The entire trail, originally an old hunting trail, has existed for more than 100 years as an unofficial “social” trail. Parks’ Hunt Camp Trail project was designed in 2017 to reduce the environmental impacts of the trail system while improving visitor safety and enhancing opportunities for recreation, restoring other nearby trails and adding it to the County’s signed and maintained system.
Parks personnel and a team of volunteers rerouted some of the steepest portions of the upper-elevation trial segment in summer 2017, improving the trail sustainability while maintaining its primitive rocky character. It was officially opened and signed.

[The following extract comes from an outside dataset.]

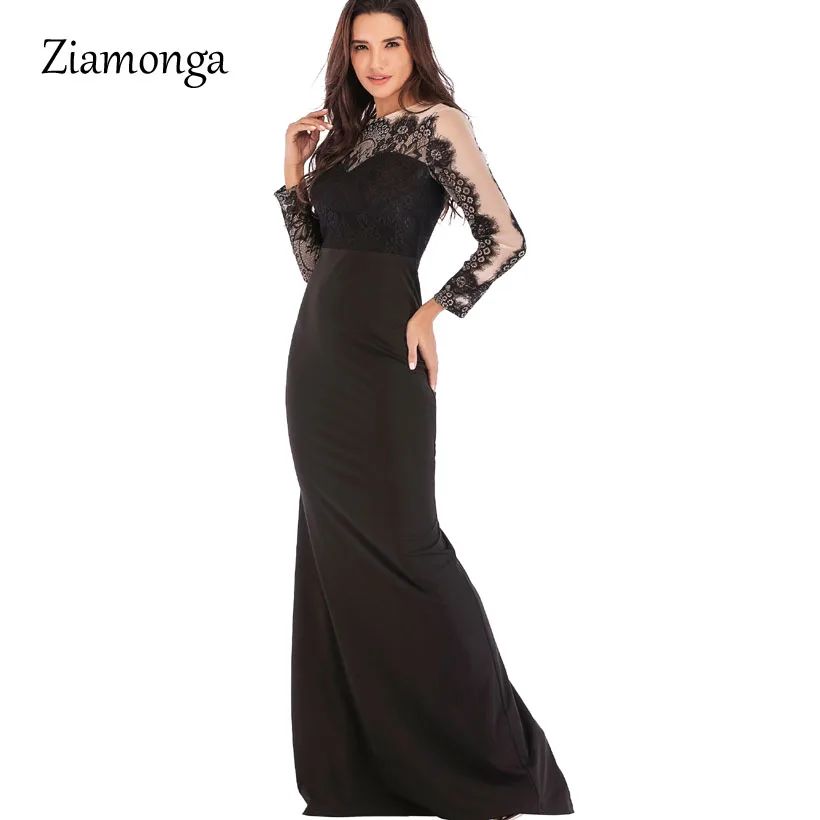 Ziamonga элегантное кружевное платье годе вечерние длинные платья с длинным рукавом кружево Vestido Longo официальная Вечери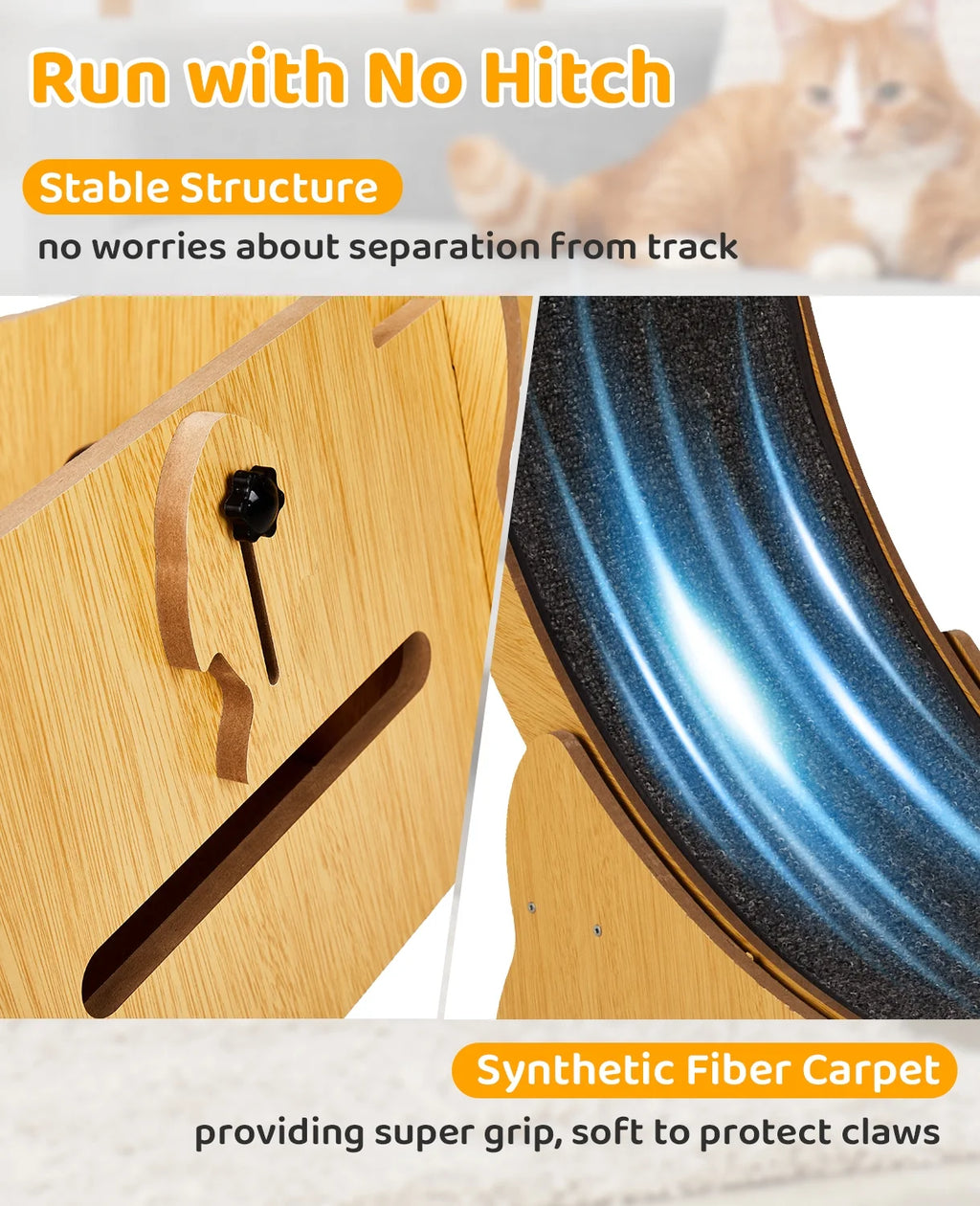 Cat Exercise Wheel for Indoor Cats,40" Large Cat Running Treadmill Wheel with Carpeted Runway for Kitty’S Longer Life,Natural Wood Color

The Marin Audubon Society, the Marin Conservation League and the California Native Plant Society filed a legal complaint August 10, 2017, against the Open Space District in regard to the Hunt Camp Trail project. As the result of the settlement reached this month, Parks has rescinded planned improvements to lower-elevations parts of Hunt Camp Trail and the Manzanita Fire Road Connector Trail, and it has confirmed that there are no other projects that will add a designated trail in the Gary Giacomini Preserve for the next two years.
Settlement documents have been finalized and the Open Space District agreed to pay $17,000 in attorney fees.
According to trail usage data, the Hunt Camp Trail has only had an average of eight trail uses per day since it was designated as part of the road and trail system.
“We’re really pleased with the successes in our first three years of improvements and we look forward to continuing road and trail projects in other preserves,” said Parks Senior Resources Planner Jon Campo. “We’ve had great collaboration with the cycling, environmental and equestrian communities, resulting in more buy-in and better-received projects.”
Campo said projects included in each year’s Road and Trail Management Plan address the fact that many trails maintained by the County were not formally planned or sustainably designed as part of a public access system. Most of the roads and trails were originally built to be logging and ranch roads, utility access, and informal trails created from repeated use.